The sculpture is carved from the familiar black stone that occurs in the region of both Bihar and old Bengal: now West Bengal in India and Bangladesh. The material is identified in literature generically as schist but is also known as phylite. The hardness of the stone allows it to be carved confidently into rich surfaces with both exuberant, modish designs and details of extraordinary finesse, as is evident in this impressive work. The back of the sculpture is left largely unfinished thereby revealing that the bodhisattva was meant to be viewed only from the front and sides. In fact, the image could have been the principal focus of worship, as is indicated by its size, or it served as an acolyte flanking a Buddha figure with the Bodhisattva Maitreya on the other side.

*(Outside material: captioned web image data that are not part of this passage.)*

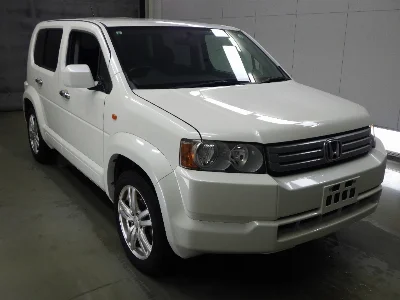 HONDA CROSSROAD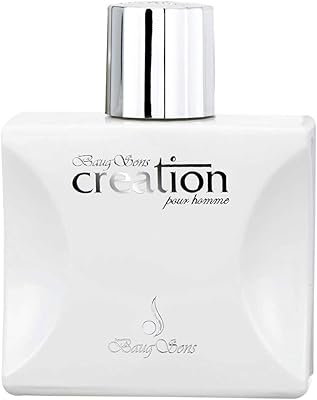 Pour homme de creation - parfum pour homme - eau de parfum, 100 ml. DIAYTAR COTE D'IVOIRE mise sur l'expérience client pour se différencier de la concurrence. Elle propose des services de livraison rapides et fiables, ainsi que des options de paiement sécurisées pour garantir une expérience d'achat en ligne sans stress. Les équipes de DIAYTAR COTE D'IVOIRE travaillent pour offrir les meilleurs produits et services à leurs clients.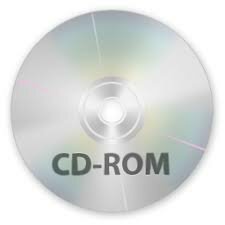 CD-ROM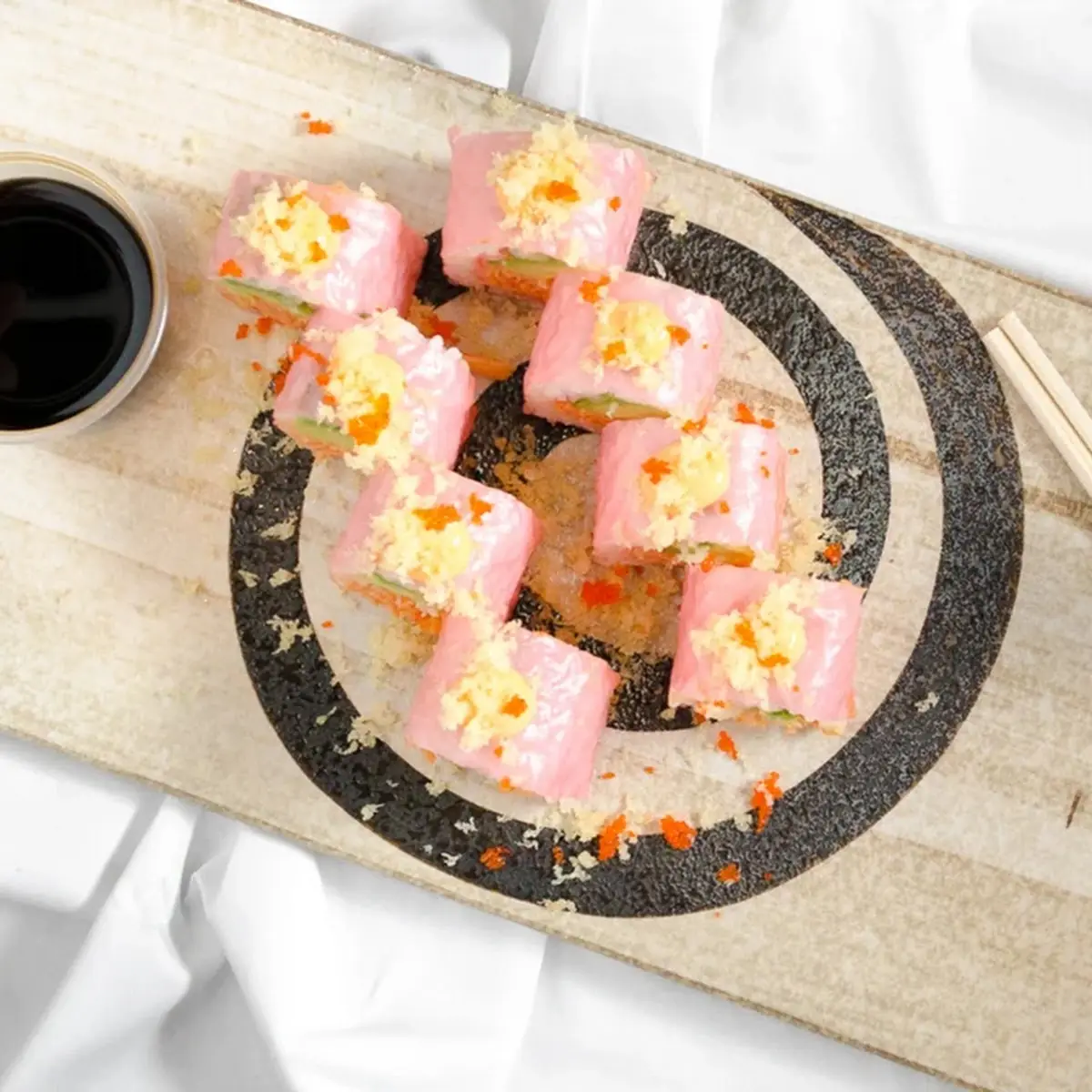 Sushi Appetizer 5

The three together constitute the holy triad of Pala period Mahayana Buddhism where the Buddha represents the past, Lokanatha/Lokeshvara the present (busy helping other strivers) and Maitreya, the friendly one, symbolizing the Buddha of the future.
There were independent temples dedicated to Lokanatha in both Bihar and Bengal during the Pala period, as is evident from the large number of his forms described in the compendium of the 12th century text called Sadhanamala or the “Garland of Evocations.” The illustrations in the 1043 C.E. Prajnaparamita manuscript now preserved in the University library at Cambridge, U.K. also provide evidence of major temples in Bihar and Bengal dedicated to Lokanatha [8]. While most temples in the region have not survived we illustrate here two sculptures from the Metropolitan Museum of Art that provide clear ideas of the forms and designs of shrines in the region during the rule of the Pala dynasty (ca. 750-1150 C.E.) (figs. B & C).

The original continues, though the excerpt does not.